Amidst the enthusiastic celebration of change, I was oddly-depressed last night. Early on, it became apparent that Obama would not win my home state of Georgia. Worse:
When the votes have been counted tonight, the G.O.P. will reap the final fruits of its Southern Strategy. The Republican Party will have transformed itself from the Party of Lincoln into the Party of the Old Confederacy. We will find that John McCain has achieved his best results in the Old Confederacy—to which only a sprinkling of thinly populated states of the Plains and Mountain West will be added (states that share strong demographic similarities with the “Confederate” states). The core of the congressional G.O.P. will be drawn from the Old South.
I had honestly hoped that that notion would be defeated. Then there are the ballot measures:
As of now (6:45 a.m.), CNN is projecting that Arizona Prop. 102 and Florida Amendment 2 will both pass–by wide margins, 56% and 62% yes votes, respectively–and add bans on same-sex marriage to those state’s constitutions. CNN is also projecting that Arkansas’s Initiative 1 to ban same-sex couples from adopting or serving as foster parents will also pass–again, by a wide margin (57% yes votes). Right now, California Prop. 8 has not been called, but the yes votes are leading the no votes 52%-48% with 87% of the precincts reporting.

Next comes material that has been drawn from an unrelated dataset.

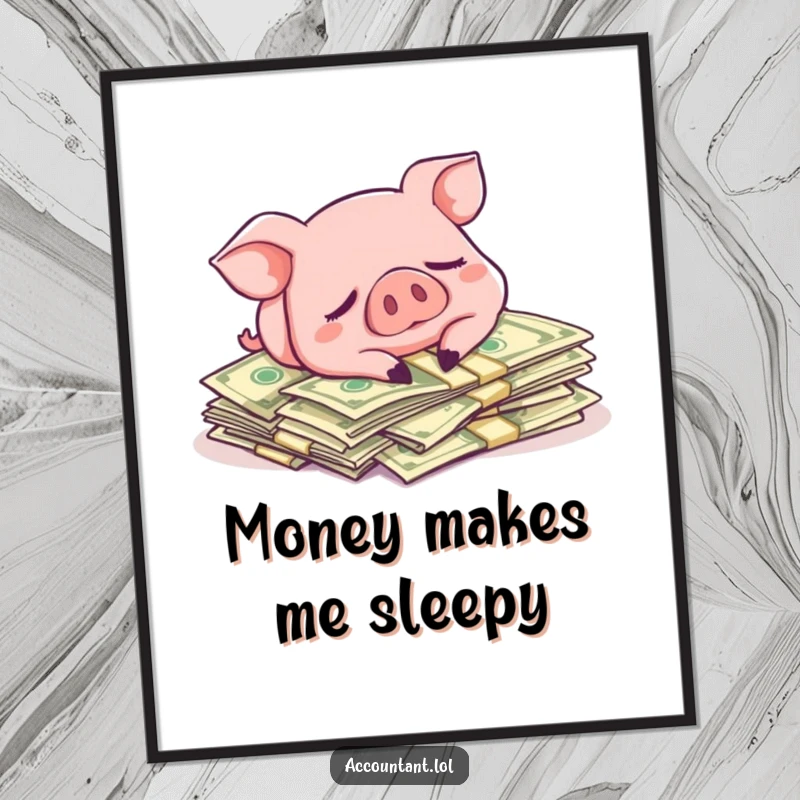 Funny digital art print of a pig sleeping on money, offering instant humorous decor with a wealthy theme.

Further complicating the picture:
Every ethnic group supported marriage equality, except African-Americans, who voted overwhelmingly against extending to gay people the civil rights once denied them: a staggering 69 – 31 percent African-American margin against marriage equality.
Martin Luther King Jr. is on the TV saying, “I have a dream that one day this nation will rise up and live out the true meaning of its creed: ‘We hold these truths to be self-evident: that all men are created equal.'”
That day looks to be further away for lesbian and gay people. Ta-Nehisi Coates is disgusted. He knows there’s still work to do:
If someone wants to give me a reason why gay people shouldn’t be able to marry that doesn’t, at its root, involve boil down to “yuck,” I guess I’d love to hear it. But really that isn’t the point. I’ve always maintained that you don’t have to like black people to do the right thing. Same thing here. I’m not very interested in folks’s homophobia. I’m interested in why they think they should be in the business of dictating terms of love to two consenting adults. It’s disgusting.
For the moment, my hopes have been dashed.